Sirq hit max 50%, assuming loading only the CPU-0.
Otherwise the logs are clean so far and seems to be working ok.
br-lan seems to be going up and down pretty frequently;
Sat Mar 27 20:38:11 2021 kern.info kernel: [ 5831.161832] qca8k 37000000.mdio-mii:10 lan4: Link is Down
Sat Mar 27 20:38:11 2021 kern.info kernel: [ 5831.161946] br-lan: port 4(lan4) entered disabled state
Sat Mar 27 20:38:14 2021 kern.info kernel: [ 5834.283224] qca8k 37000000.mdio-mii:10 lan4: Link is Up - 1Gbps/Full - flow control rx/tx
Sat Mar 27 20:38:14 2021 kern.info kernel: [ 5834.283292] br-lan: port 4(lan4) entered blocking state
Sat Mar 27 20:38:14 2021 kern.info kernel: [ 5834.290473] br-lan: port 4(lan4) entered forwarding state
Sat Mar 27 20:38:14 2021 daemon.notice netifd: Network device 'lan4' link is up
Based on earlier reported issue on lan going down/up, disabled eee with ethtool --set-eee lan4 eee off.
Let's see if any help.
Just a quick update, I got an image to boot and run:
[ 0.000000] Booting Linux on physical CPU 0x0
[ 0.000000] Linux version 5.10.26 (sn@DESKTOP-TPH49OG) (arm-openwrt-linux-muslgnueabi-gcc (OpenWrt GCC 8.4.0 r16313+21-851dadc257b7) 8.4.0, GNU ld (GNU Binutils) 2.34) #0 SMP Fri Mar 26 20:43:29 2021
[ 0.000000] CPU: ARMv7 Processor [512f04d0] revision 0 (ARMv7), cr=10c5787d
[ 0.000000] CPU: div instructions available: patching division code
[ 0.000000] CPU: PIPT / VIPT nonaliasing data cache, PIPT instruction cache
[ 0.000000] OF: fdt: Machine model: Netgear Nighthawk X4 R7500v2
After a few attempts configuring DSA (one of which made my device fail to finish booting - it's fragile to mistakes) i did get my AP only, 2 VLAN network up but it was not stable wrt to ipv4. I don't know why yet as my testing window closed when my family started asking for internet (I did not get a chance to disable eee as described above).
I can post a gist with a full dmesg, regulator_summary, plus some other system info (temperatures and cpuidle seem to be working) if you like. I'll see if i can test again tomorrow and try disabling eee to keep the network stable for longer.

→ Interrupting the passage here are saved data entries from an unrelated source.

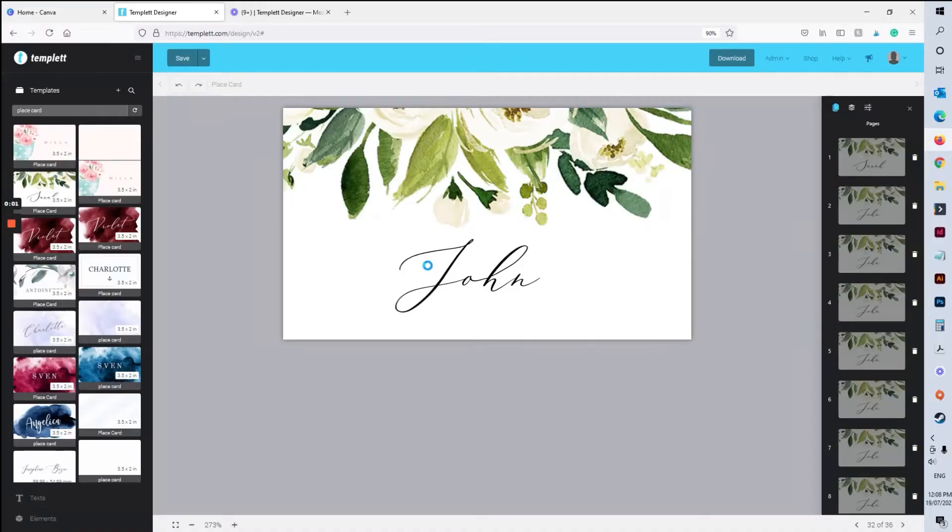Okay, so in this tutorial I'm going to be showing you how to set up multiple pages per full size page.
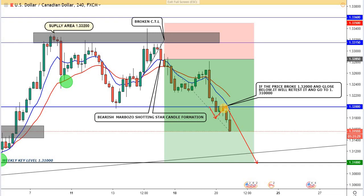To sum up the reasons: we have a supply area, a broken counter trend line, a shooting star and Marabouzo candlestick formation, and of course the moving average — all of this supported our sell trade.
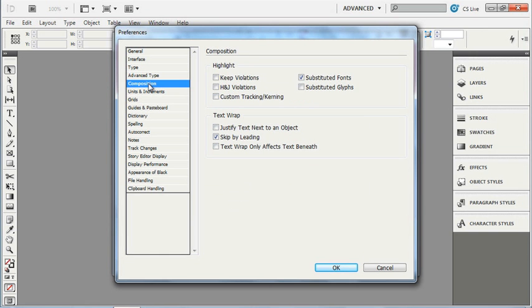Under the composition preference, we can choose to highlight substituted fonts, for instance. This is on by default. This is actually very handy, because it does tell us when we have text that has been substituted inside of InDesign. You can also highlight other composition rules by enabling any of those checkmarks there.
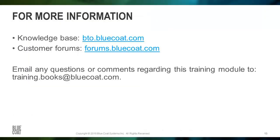Thank you for watching. This concludes the computer-based training, ProxySG Troubleshooting Topics, DNS. For more information, visit the following Bluecoat resources: the Knowledge Base, available at bto.bluecoat.com, and the Customer Discussion Forums, available at forums.bluecoat.com. For additional questions or comments regarding this training module, contact us at training.books at bluecoat.com.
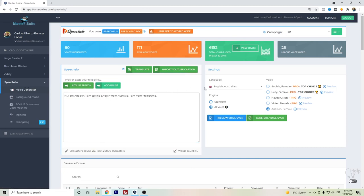So this is Speechelo Pro and this is the Australian accent. Please write on the comments what do you think, is it close enough to an Australian accent or what do you think. I hope that this video helped you, thanks for watching.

Note I still get the build error I mention above. First time through after make clean/distclean no images are generated but after doing /usr/bin/make -j 1 IGNORE_ERRORS=m V=s immediatly after the build failure, images are generated (which i used for the test) but the same compile error still comes up.
I don't know why this happens yet, it looks like the command that generates qcom-ipq8064-g10.dtb silently fails.

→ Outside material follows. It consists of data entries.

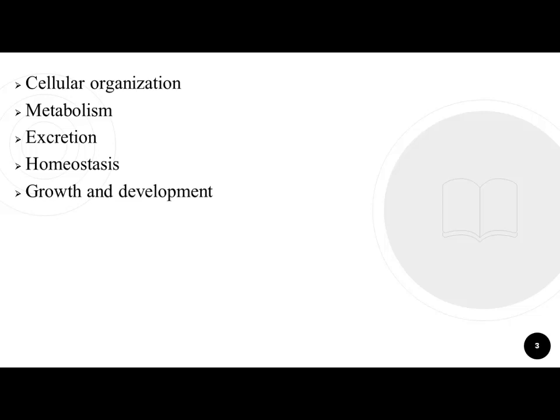نمبر پانچ: Growth and Development. جانداروں میں growth بھی ہوتی ہے اور development بھی ہوتی ہے۔ انگلیش میں دونوں کو تقریباً ایک ہی معنوں میں استعمال کرتے ہیں لیکن biology میں growth اور development دونوں الگ الگ terms ہیں۔ Growth ہمارے پاس quantitative ہے — ہمیں quantity بتاتی ہے۔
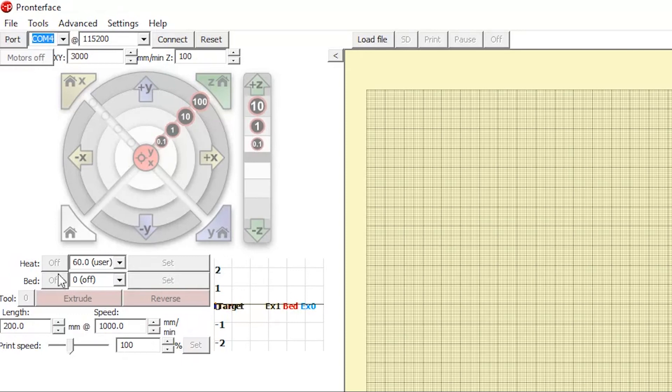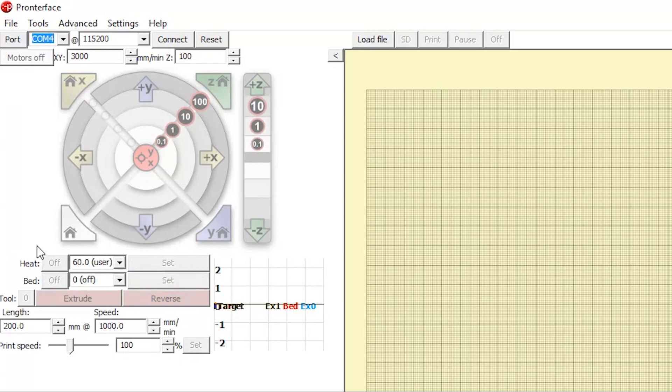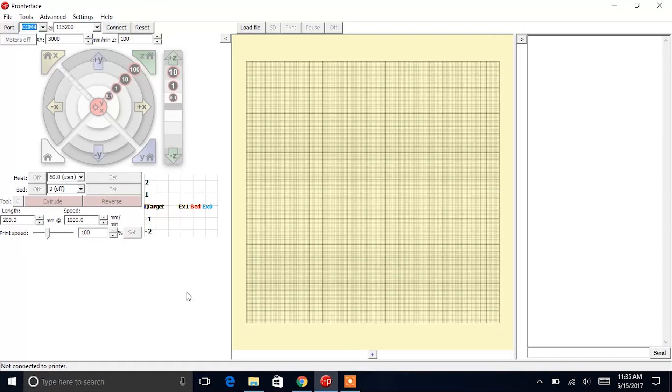Underneath the control panel is the heater control. Here you can enter a temperature for the heater to heat whatever material is inside of your syringe, and you can click set to do that.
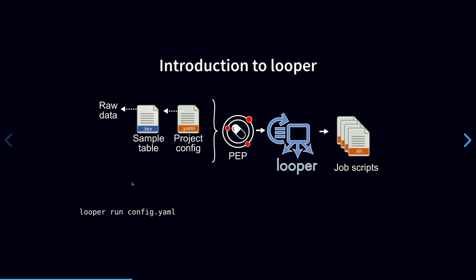This is where Looper comes in. To briefly introduce Looper, it is a workflow engine agnostic job submission tool. Looper doesn't actually run workflows. Its sole purpose is to handle creating job scripts from a table of samples like you'd have in a bioinformatics project.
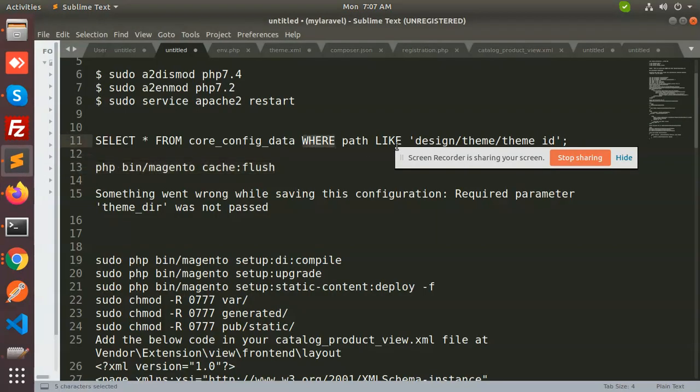Okay, that's the way you can solve the issue. Just use this command, overall summary - use this command and change the default theme to whatever, flush the cache and check. Use the default theme and it will work. Thank you so much for watching this video, have a great day.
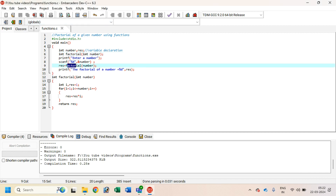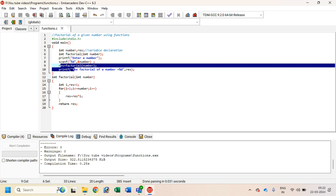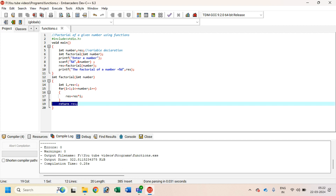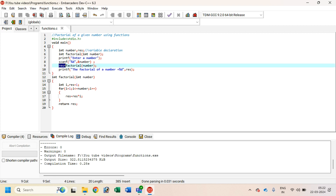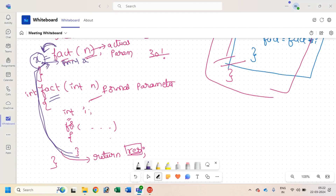If you want to return a value from the function, change the return type to int, add a return statement returning result, and on the left-hand side of the function call in main, take a variable to store the returned value and print it. Compile — fix any errors — execute. Reusability is the main advantage: you are not writing the logic again for factorial of 6 or factorial of 4, just reusing the code. Hope you understand functions concept. Thank you for watching, have a great day, bye.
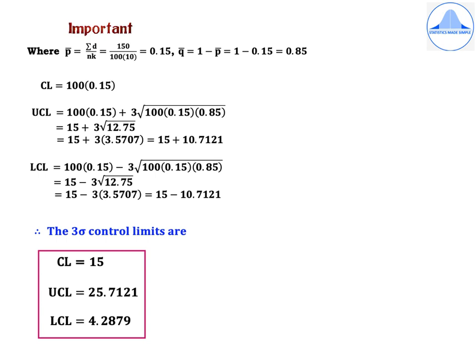Therefore, the 3-sigma control limits are: CL = 15, UCL = 25.7121, and LCL = 4.2879.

That port dropping can be related to the same eee related issue @rog reported earlier.
I've now disabled eee for all the lan & wan ports.
So need to wait and see if I'll get those port drops anymore.

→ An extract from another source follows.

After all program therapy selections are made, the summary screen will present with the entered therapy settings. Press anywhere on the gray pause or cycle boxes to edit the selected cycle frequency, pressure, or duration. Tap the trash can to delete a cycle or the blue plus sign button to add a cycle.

I tried again; however, this time turning off eee on lan1, lan2, lan3, lan4, and wan.
So far then network and device are stable so I can let this go for at least today. I'll post a link to the dmesg, a regulator_smmary, /etc/config/network (for dsa) plus some other configuration output in a bit.
I tried to set stp and igmp snooping via luci for the one bridge defined and lost connectivity to the device. I had to use my serial cable to access the device, theses options were not enabled but I am able to set these options and restart the network through the command line without issue. I'll report this in the luci DSA config thread as well and post logs.
I'm in and out today, so please be patient for the logs...
This gist has the dmesg (burried in the "logcat" file), regulator_summary (at the end of the "logcat" file), /etc/config/network, and excerpt from /etc/config/system that i'm using.
Note the dmesg and other info in logcat is out of sync with /etc/config/network config file as stp and igmp snooping are currently enabled. I've done a few reboots just to test some things and for now I leave eee disabled.
No issues after just under 24 hrs up on 5.10.26 with dsa. I did re-enable eee for all ifs for about half of the latter part of that and did not experience issues; hence its not clear to me that eee was/is my issue.
Due to my family's need for reliable service on weekdays, I've gone back to 5.4 for now but I'll see if I can't test again next weekend.